START Records for processing

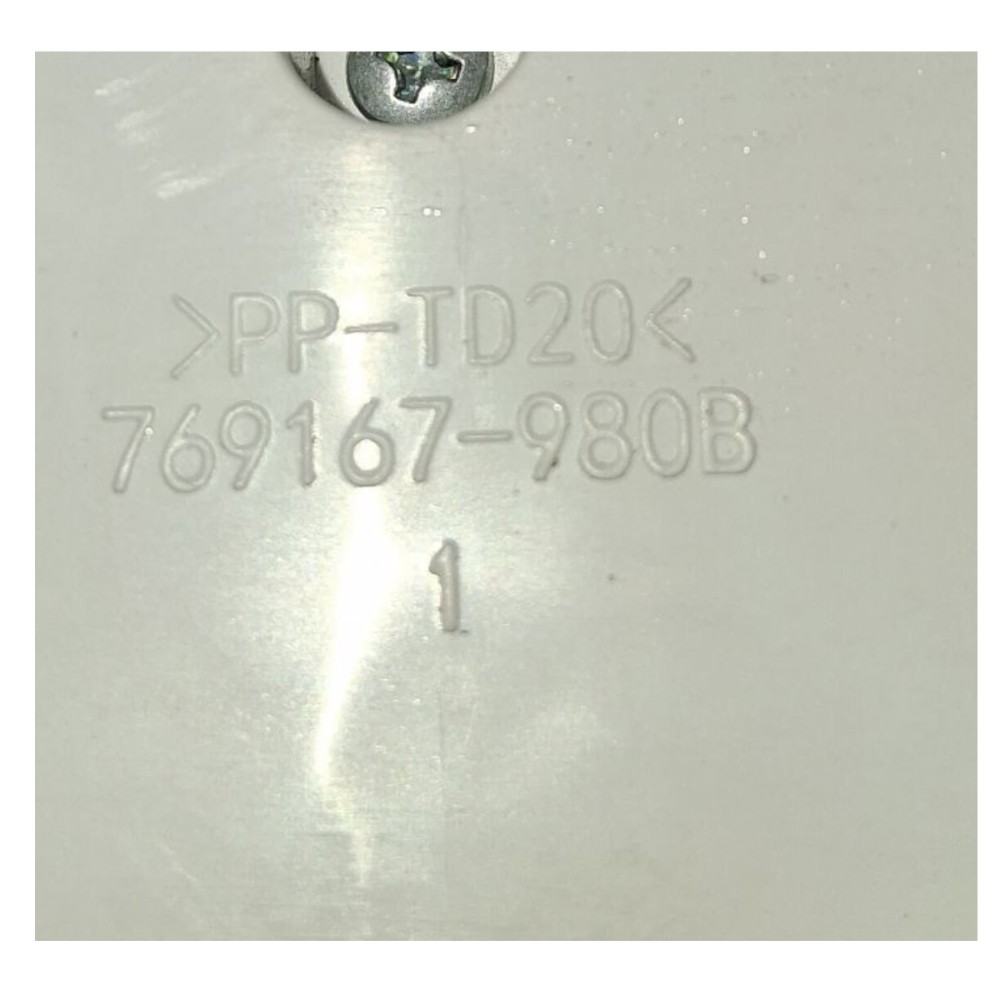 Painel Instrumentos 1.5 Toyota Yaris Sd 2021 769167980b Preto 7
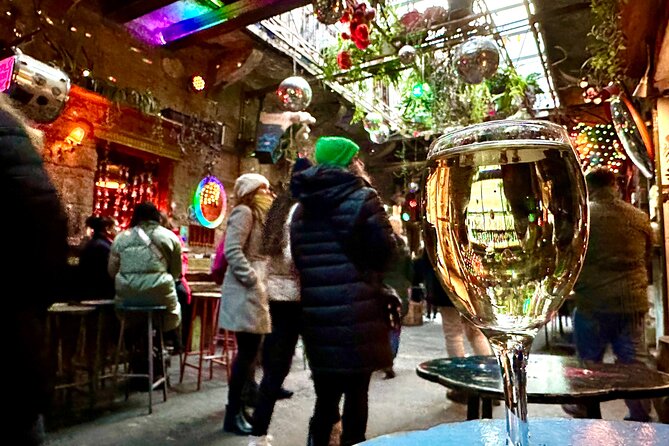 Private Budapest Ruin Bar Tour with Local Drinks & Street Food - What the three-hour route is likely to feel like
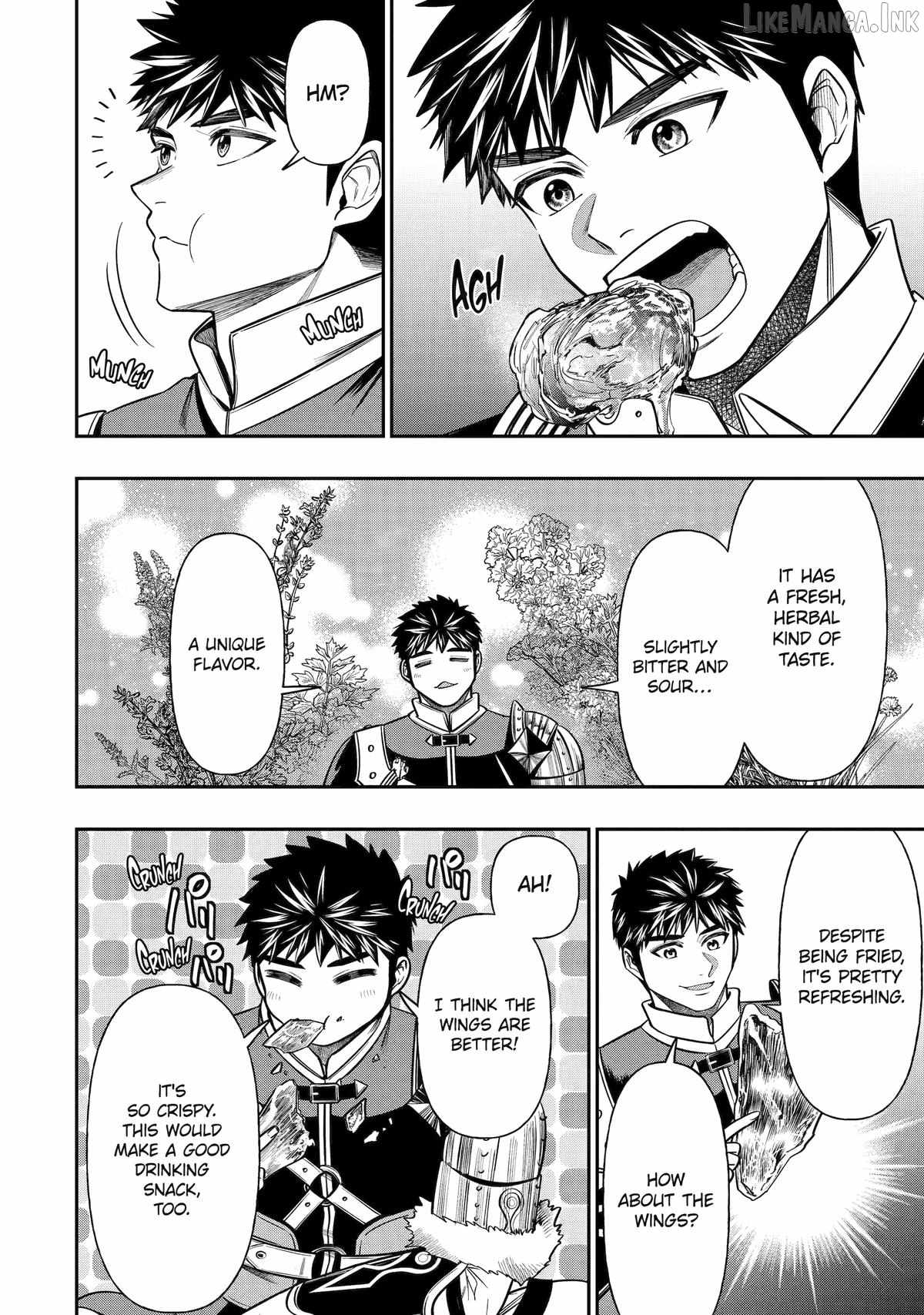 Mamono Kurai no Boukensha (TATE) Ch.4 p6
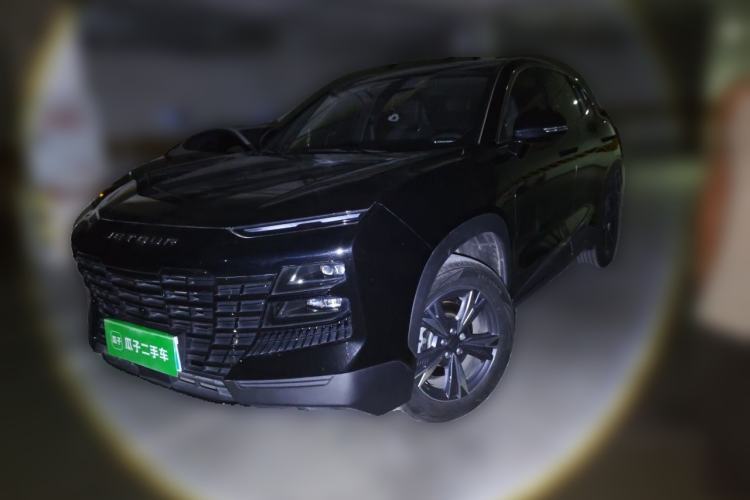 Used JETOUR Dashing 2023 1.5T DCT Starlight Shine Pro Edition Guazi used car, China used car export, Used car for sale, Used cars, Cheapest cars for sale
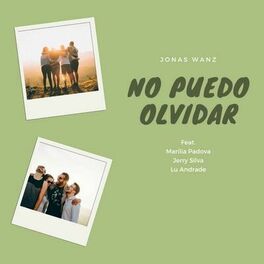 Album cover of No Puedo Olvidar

END Records for processing

Go back to the entries above and restate word for word every line from the first through the one that contains "Mamono Kurai no Boukensha (TATE) Ch.4 p6", leaving the pictures behind.

 Painel Instrumentos 1.5 Toyota Yaris Sd 2021 769167980b Preto 7
 Private Budapest Ruin Bar Tour with Local Drinks & Street Food - What the three-hour route is likely to feel like
 Mamono Kurai no Boukensha (TATE) Ch.4 p6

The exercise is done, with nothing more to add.